• **EXERCISE BRIEF**
Retype exactly the lines from the one containing "８(eight) | ウール メルトン ピーコート(ピーコート)" through the last line of the records below, including both, and leave out any pictures.

• **Image-caption web data**
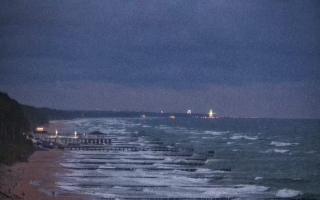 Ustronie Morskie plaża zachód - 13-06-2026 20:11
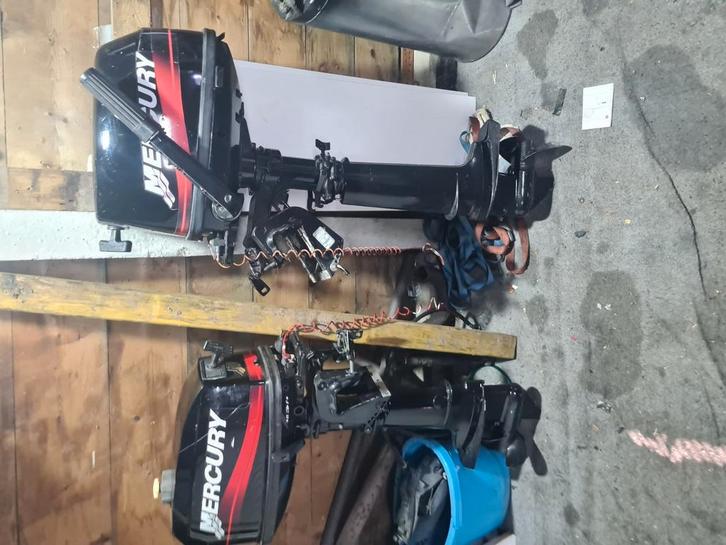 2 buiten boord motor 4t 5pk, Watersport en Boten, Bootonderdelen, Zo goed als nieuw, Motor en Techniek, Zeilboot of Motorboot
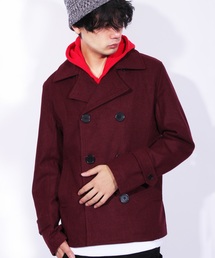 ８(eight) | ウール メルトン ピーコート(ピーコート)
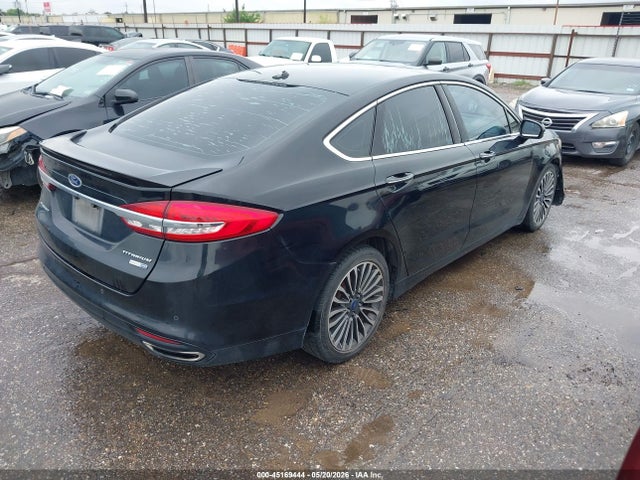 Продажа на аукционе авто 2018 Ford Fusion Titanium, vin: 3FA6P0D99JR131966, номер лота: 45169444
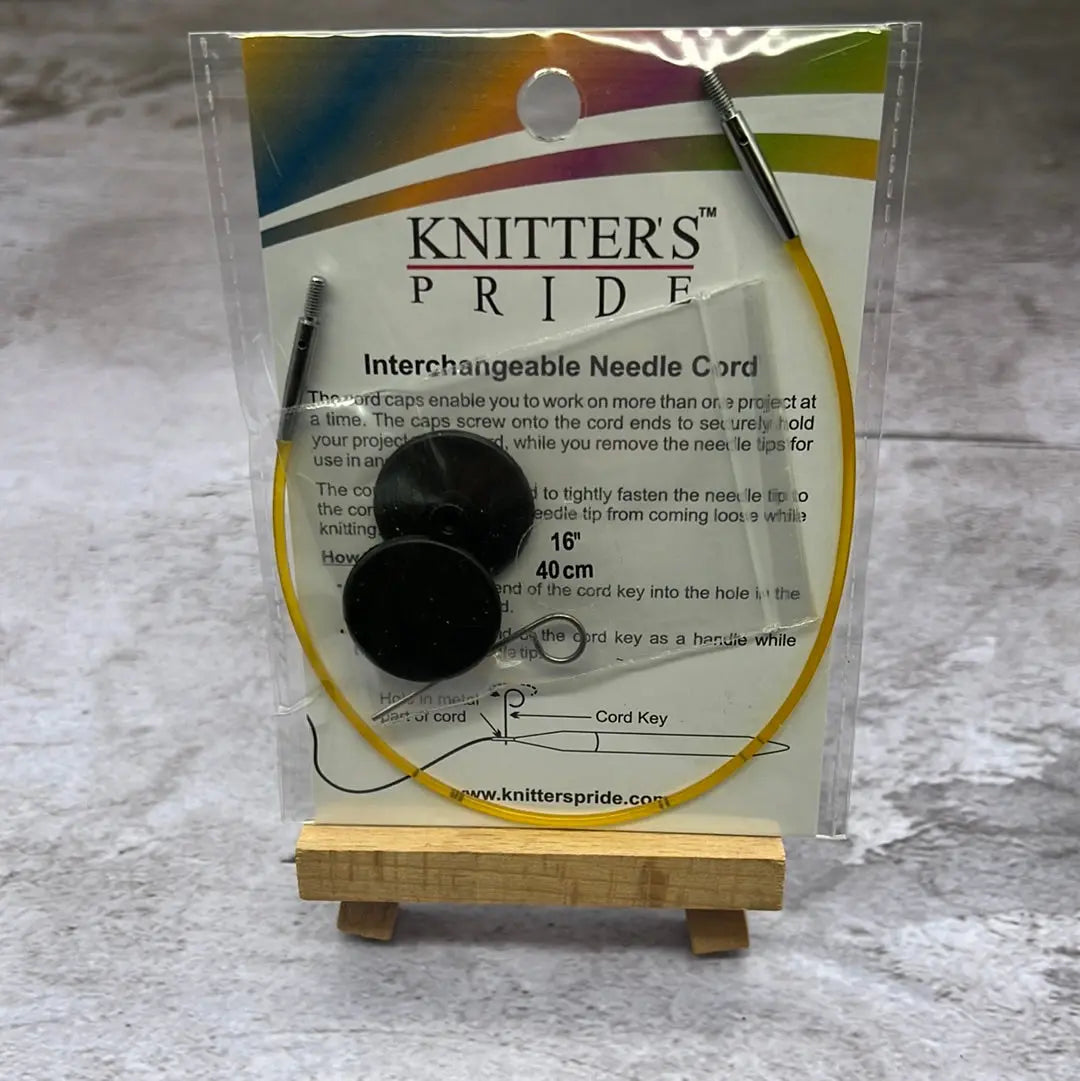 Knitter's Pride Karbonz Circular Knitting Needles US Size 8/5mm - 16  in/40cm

• **RESULT OF THIS TASK**
 ８(eight) | ウール メルトン ピーコート(ピーコート)
 Продажа на аукционе авто 2018 Ford Fusion Titanium, vin: 3FA6P0D99JR131966, номер лота: 45169444
 Knitter's Pride Karbonz Circular Knitting Needles US Size 8/5mm - 16  in/40cm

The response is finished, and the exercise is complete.